In this section, we apply the method outlined in Sect. 4 to the LFV decays of \(B_{(s)}\)-mesons detailed above. We will focus only on the processes leading to \(\tau e\) or \(\tau \mu \) pairs, since LHC bounds cannot be competitive with the very stringent low-energy limits on the decays with \(\mu e\) in the final state, as already shown in Ref. [19]. We will present our final results by solving the optimization problem numerically, considering the whole invariant-mass spectrum provided in Ref. [29]. These results will be later compared to the ones from the analytical approach introduced in Sect. 4 when a single invariant-mass bin is considered at high-energies.
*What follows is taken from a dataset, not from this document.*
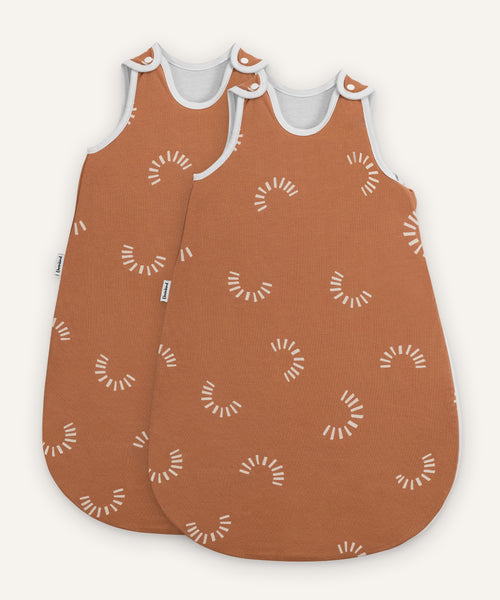 2er Bundle Ehrenkind Baby-ganzjahresschlafsack rund zimt gemustert.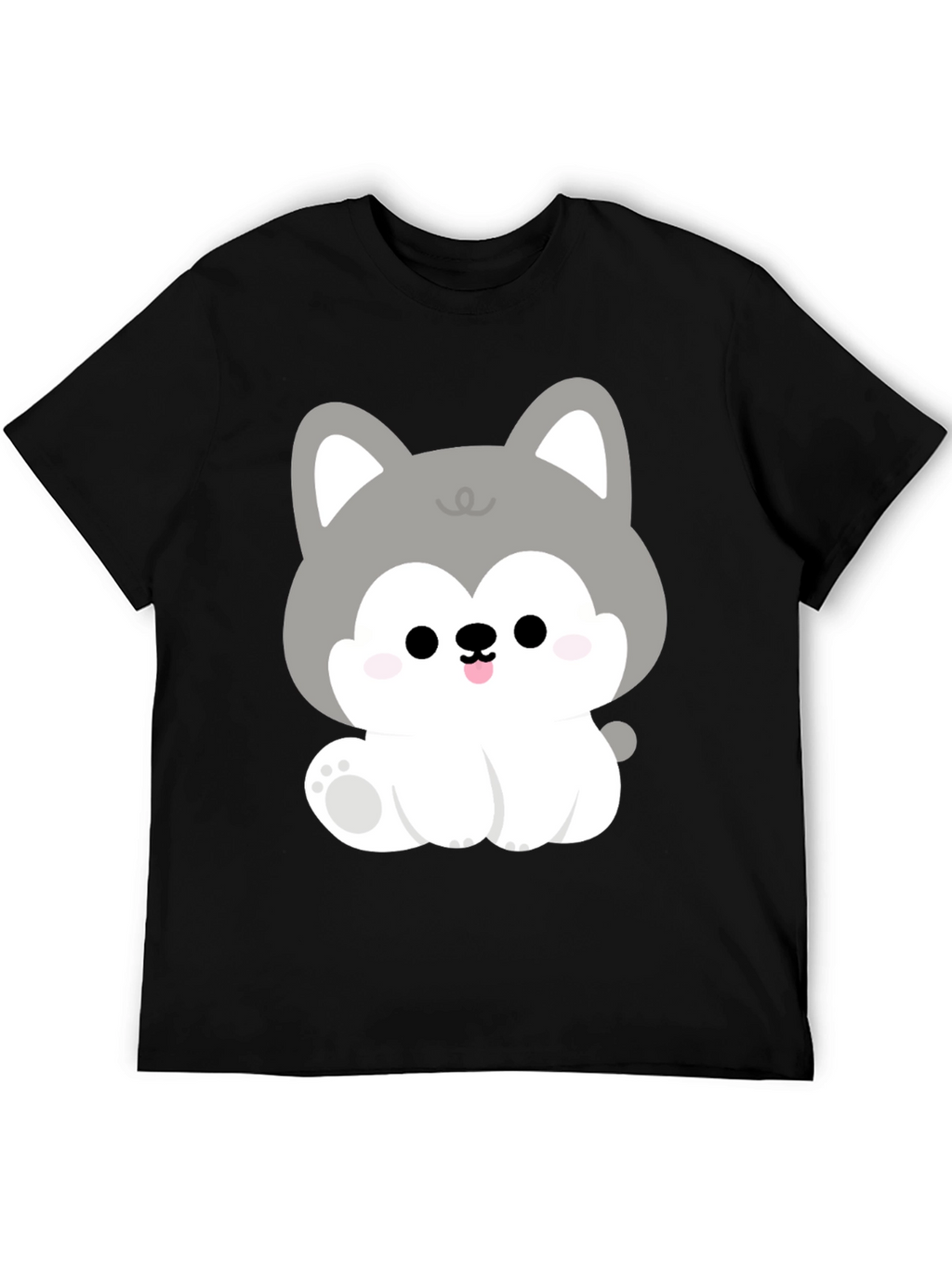 Cute Cartoon Puppy Graphic Black T-Shirt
In Table 2, we present our upper limits for the decays based on the transitions \(b\rightarrow d \mu \tau \) and \(b\rightarrow s \mu \tau \) (top tier), and \(b\rightarrow d e \tau \) and \(b\rightarrow s e\tau \) (bottom tier) obtained from a reinterpretation [3, 4] of the latest CMS search with 140 \(\textrm{fb}^{-1}\) [29]. These limits are compared in the same table to the direct experimental limits from BaBar [34], Belle [35, 36, 53] and LHCb [37, 38]. For simplicity, we sum over the decay modes with opposite-charge leptons, e.g., \({\mathcal {B}}(B\rightarrow \mu ^\pm \tau ^\mp )\equiv {\mathcal {B}}(B\rightarrow \mu ^+ \tau ^-)+{\mathcal {B}}(B\rightarrow \mu ^- \tau ^+)\) and similarly for the other channels.Footnote 6 We also present in the same table the projections for the High-Luminosity LHC (HL-LHC) phase with \(3~\textrm{ab}^{-1}\), obtained by assuming that uncertainties are statistically dominated.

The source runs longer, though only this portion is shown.